═════ Raw data ═════
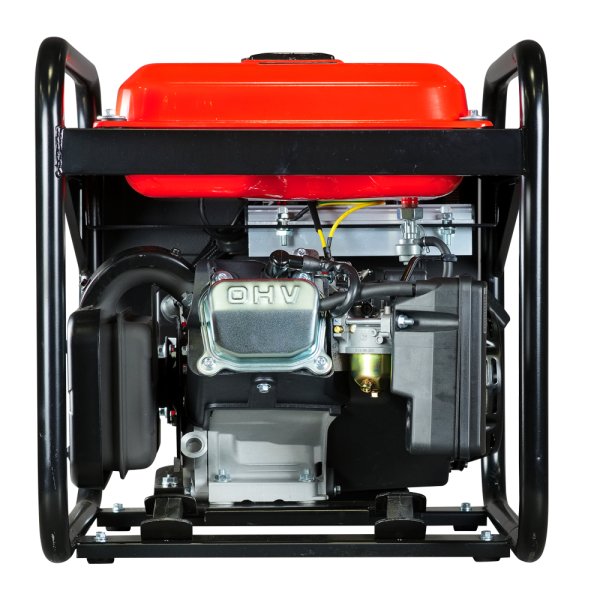 Инверторный генератор FUBAG PRI 5500 открытого типа в Томске фото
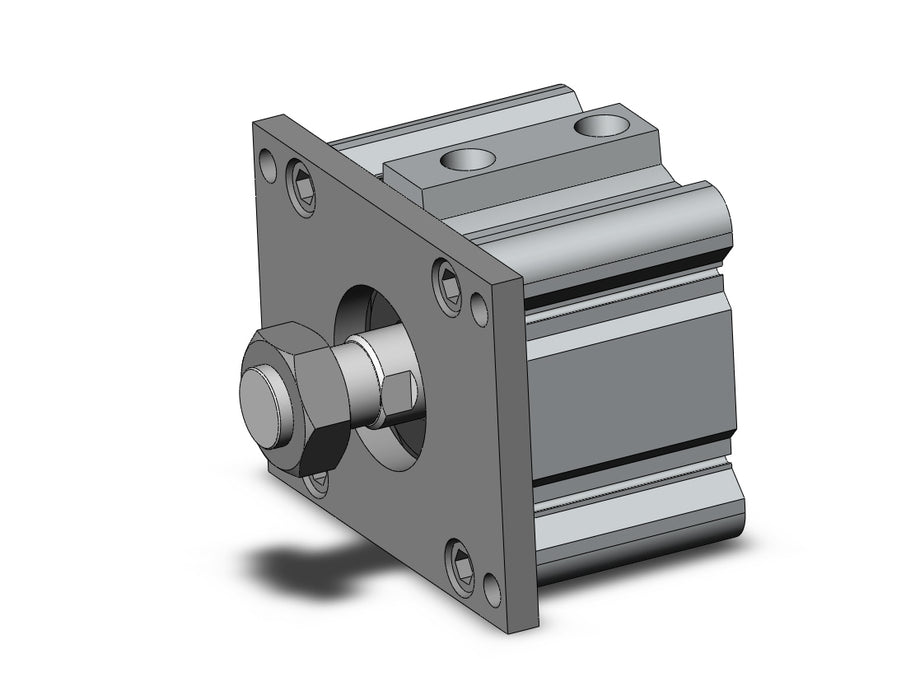 CDQ2F100-20DCMZ COMPACT CYLINDER, CQ2-Z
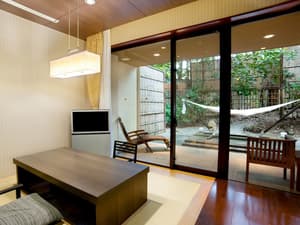 thumbnail: In-room dining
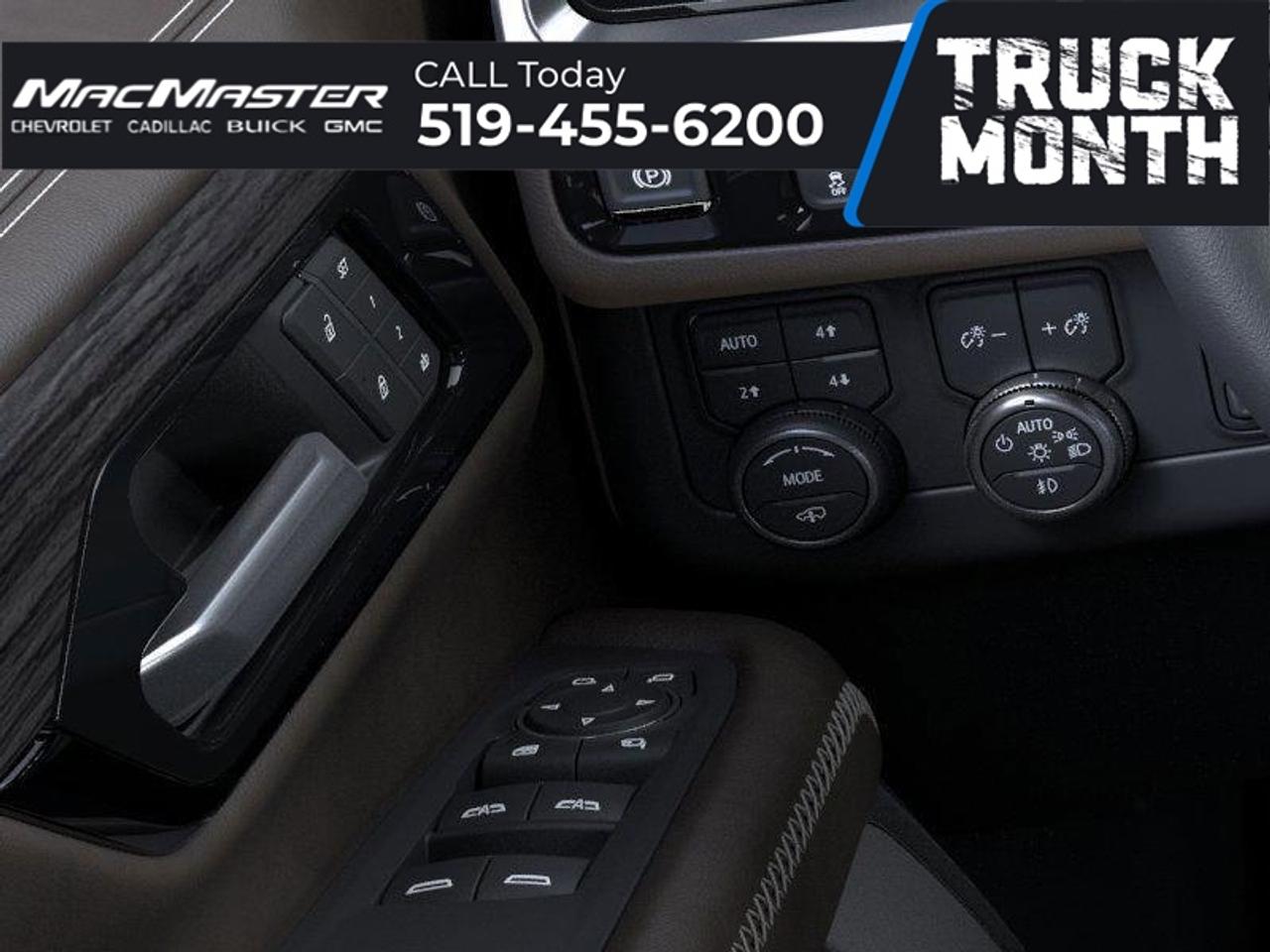 2026 GMC Yukon XL Denali Ultimate 4dr 4x4 Photo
═════
What the exercise asks —
Without including any pictures, reproduce the listing exactly.

Result of this task —
 Инверторный генератор FUBAG PRI 5500 открытого типа в Томске фото
 CDQ2F100-20DCMZ COMPACT CYLINDER, CQ2-Z
 thumbnail: In-room dining
 2026 GMC Yukon XL Denali Ultimate 4dr 4x4 Photo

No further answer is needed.